Example setup - variable URIs for property values

The adminstrator of project 1 uses Priority=High, Medium, and Low. The administrator of project 2 uses Urgency=P1, P2, P3, and P4. Nonetheless, the administrators want to enable cross-project reporting. The tool MUST therefore allow the administrators to specify the external URIs with company standard values:

Project	System URI	Label	External URI
1	<server1UriForPriority>	Priority	`http://acme.example.com/ns/alm#priority`
1	<server1UriForHigh>	High	`http://acme.example.com/ns/alm#P1`
1	<server1UriForMedium>	Medium	`http://acme.example.com/ns/alm#P2`
1	<server1UriForLow>	Low	`http://acme.example.com/ns/alm#P3`
2	<server2UriForUrgency>	Urgency	`http://acme.example.com/ns/alm#priority`
2	<server2UriForP1>	P1	`http://acme.example.com/ns/alm#P1`
2	<server2UriForP2>	P2	`http://acme.example.com/ns/alm#P2`
2	<server2UriForP3>	P3	`http://acme.example.com/ns/alm#P3`
2	<server2UriForP4>	P4	`http://acme.example.com/ns/alm#P4`

The tools MUST generate vocabularies where owl:sameAs is used to relate the system and external URIs, as shown in the partial term definitions below:

<server1UriForPriority>
   rdfs:label "Priority" ;
   rdfs:comment "The priority of a task" ;
   owl:sameAs <http://acme.example.com/ns/alm#priority> .

<server1UriForHigh>
   rdfs:label "High" ;
   rdfs:comment "High priority task" ;
   owl:sameAs <http://acme.example.com/ns/alm#P1> .

...

and

<server2UriForUrgency>
   rdfs:label "Urgency" ;
   rdfs:comment "The urgency of a task" ;
   owl:sameAs <http://acme.example.com/ns/alm#priority> .

<server2UriForP1>
   rdfs:label "P1" ;
   rdfs:comment "Do these things first" ;
   owl:sameAs <http://acme.example.com/ns/alm#P1> .

Example representations 1 - enumeration value URIs are variable

Tool developers have considered it is likely that the user might change their mind over the representation of priority values, but not the URI for the priority property itself.
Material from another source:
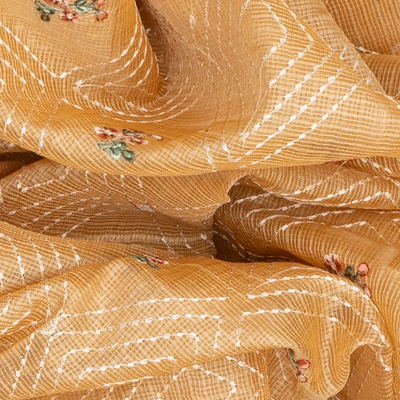 Light Peach Supernet Saree With Embroidered Diamond Motifs-Light Peach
This case would also apply if the property URI itself was a standard OSLC or jazz.net URI, and just the enumeration values were user-defined.
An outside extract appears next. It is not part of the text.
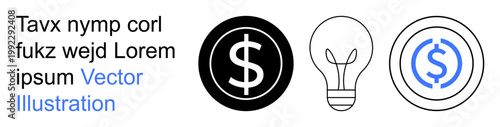 Finance, innovation, currency, creative ideas, economics, smart investment. Minimalist design dollar signs in circles and a lightbulb. Finance and innovation concept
Artifacts in project 1 would have these (partial) representations:

<cr1> a oslc_cm:ChangeRequest ;
   <http://acme.example.com/ns/alm#priority> <server1UriForHigh> .
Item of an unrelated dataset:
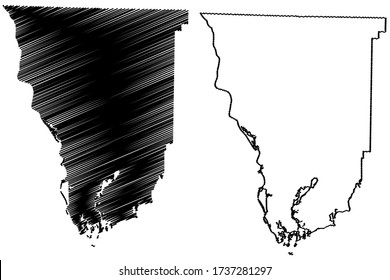 Seminole County, Georgia (U.S. county, United States of America,USA, U.S., US) map vector illustration, scribble sketch Seminole map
<cr2> a oslc_cm:ChangeRequest ;
   <http://acme.example.com/ns/alm#priority> <server1UriForLow> .

Artifacts in project 2 would have these (partial) representations:

<cr8> a oslc_cm:ChangeRequest ;
   <http://acme.example.com/ns/alm#priority> <server2UriForP2> .

<cr9> a oslc_cm:ChangeRequest ;
   <http://acme.example.com/ns/alm#priority> <server2UriForP1> .

Where inferencing is not available, an explicit SPARQL query for all high priority items across both projects is:

   SELECT ?item 
   WHERE {
      ?item <http://acme.example.com/ns/alm#priority> ?enum .
      ?enum owl:sameAs|^owl:sameAs <http://acme.example.com/ns/alm#P1> .
   }

If inferencing were available, the following query would be sufficient:

   SELECT ?item 
   WHERE {
      ?item <http://acme.example.com/ns/alm#priority> <http://acme.example.com/ns/alm#P1> .
   }

Example representations 2 - property predicate URI and enumeration value URIs are variable

Tool developers have considered it is likely that the user might change their mind over the external URI for both the priority values and the priority property itself.